Woodlice babies (not shown), when released from the brood pouch of the female, have six pairs of legs. At this stage, they are called “mancas.” After the first molt, which occurs within 24 hours of release, the 7th leg bearing segment appears and after another molt they gain their full complement of seven pairs of legs and are juveniles. Juveniles molt at intervals until they reach sexual maturity. The molting process continues after maturity (although with less frequency) and involves shedding the exoskeleton in two parts.

Isopod: equal legs

Controlling Sow Bugs and Pillbugs
The presence of sow bugs or pill bugs in the living quarters of a home is an indication high moisture conditions. This condition will also contribute to a number of other problems including mildew, wood rot and a good breeding environment for other insects. Reduce moisture or humidity level indoors. Use bathroom fans, stove hood vent fans, vent clothes dryers outside. Crawl spaces and attics need to be well ventilated. Remove excess vegetation and debris around exterior perimeter of the home. Make sure that leaf debris (leaves hold moisture and hide the bugs) is cleaned up from around the outside of your house. Keep rain gutters and downspouts clean and in good repair.

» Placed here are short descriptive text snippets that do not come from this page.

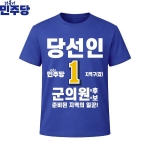 2026 지방선거 더불어민주당 선거복 선거 티셔츠 파란색1 반팔 긴팔 (쿨론원단)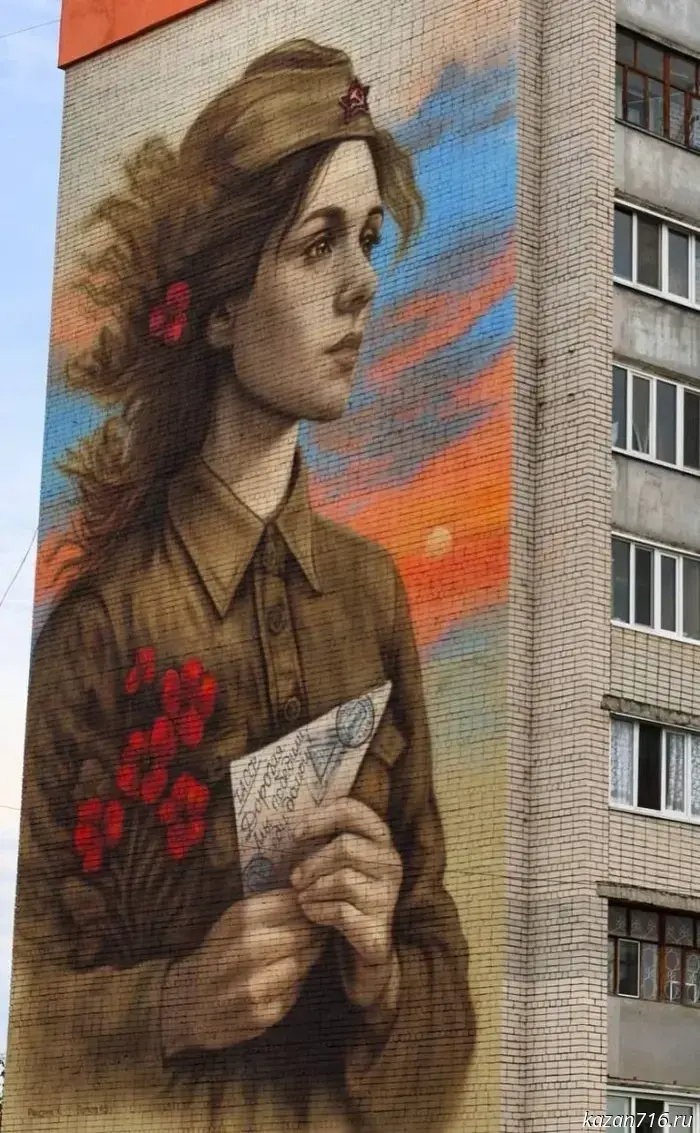 The Zelenodolsk mural "Waiting" won at the FormART festival in the Volga Federal District.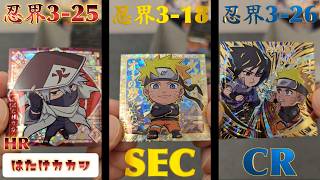 【NARUTO】BOX開封！！当たり箱？ナルト疾風伝 ウエハース vol.3【にふぉるめーしょん】#naruto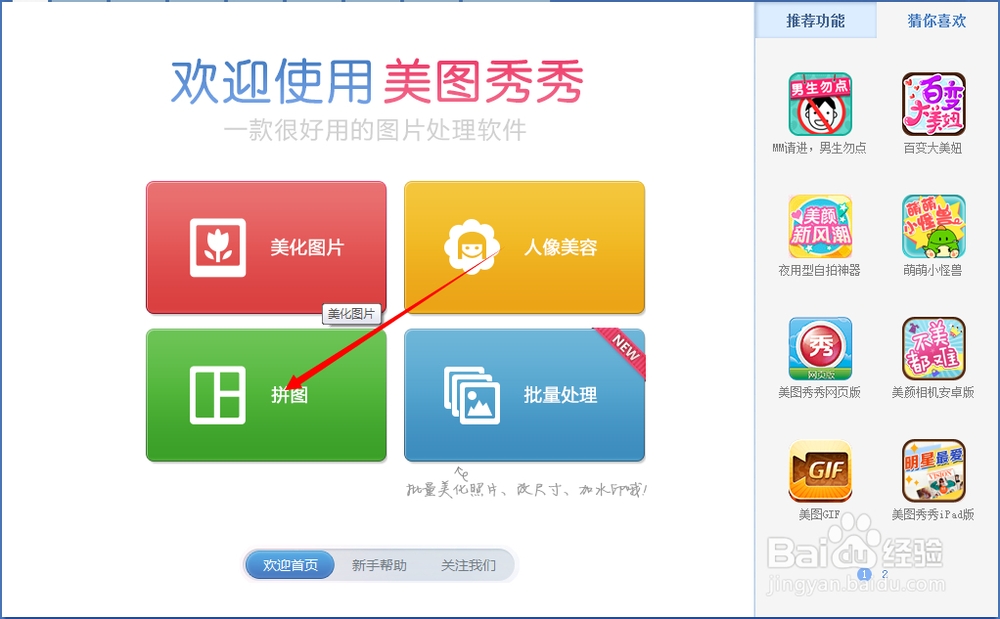 美图秀秀使用攻略：[30]图片拼接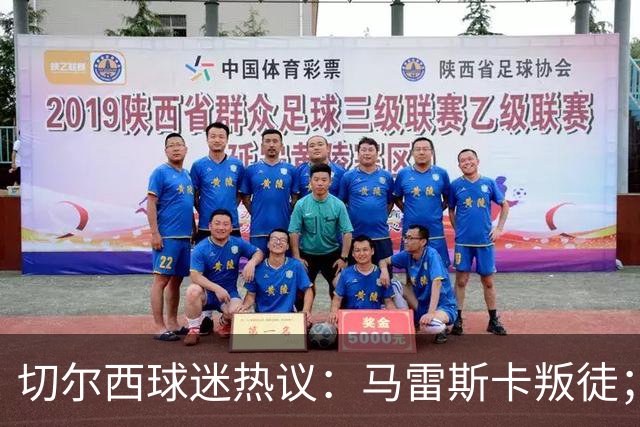 切尔西球迷热议：马雷斯卡叛徒；管理层推卸责任；阿隆索能留住吗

Pill BugPillbug – Armadillidium vulgare

Subphylum: Crustacea / Class: Malacostraca / Order: Isopoda /  Family: Armadillidiidae (pillbugs)

Instead of chemicals, use a caulking gun to close any cracks or crevices at or near ground level. Houses built on a concrete slab poured directly on the ground, can have more of a problem with sow bugs or pill bugs if there is no moisture barrier under the concrete. Built-in planters are usually a bad idea for many reasons. Window box planters and planter boxes on decks tight against the house are good breeding places for many bugs. Make sure all your doors (ground level, to the outside) are weather-stripped. If your garage is attached or integral with the house, make sure those doors are properly weather-stripped also. Watch for obvious moisture problems in the garage and bottom level. Keep soil levels well below structural wood around the home.

Sow bug

It becomes apparent when you see a pill bug roll up why their legs are constructed the same – so they will fold up inside the ball. This specimen is not rolled up all the way, otherwise there would be no interior parts visible – just a smooth, armored sphere.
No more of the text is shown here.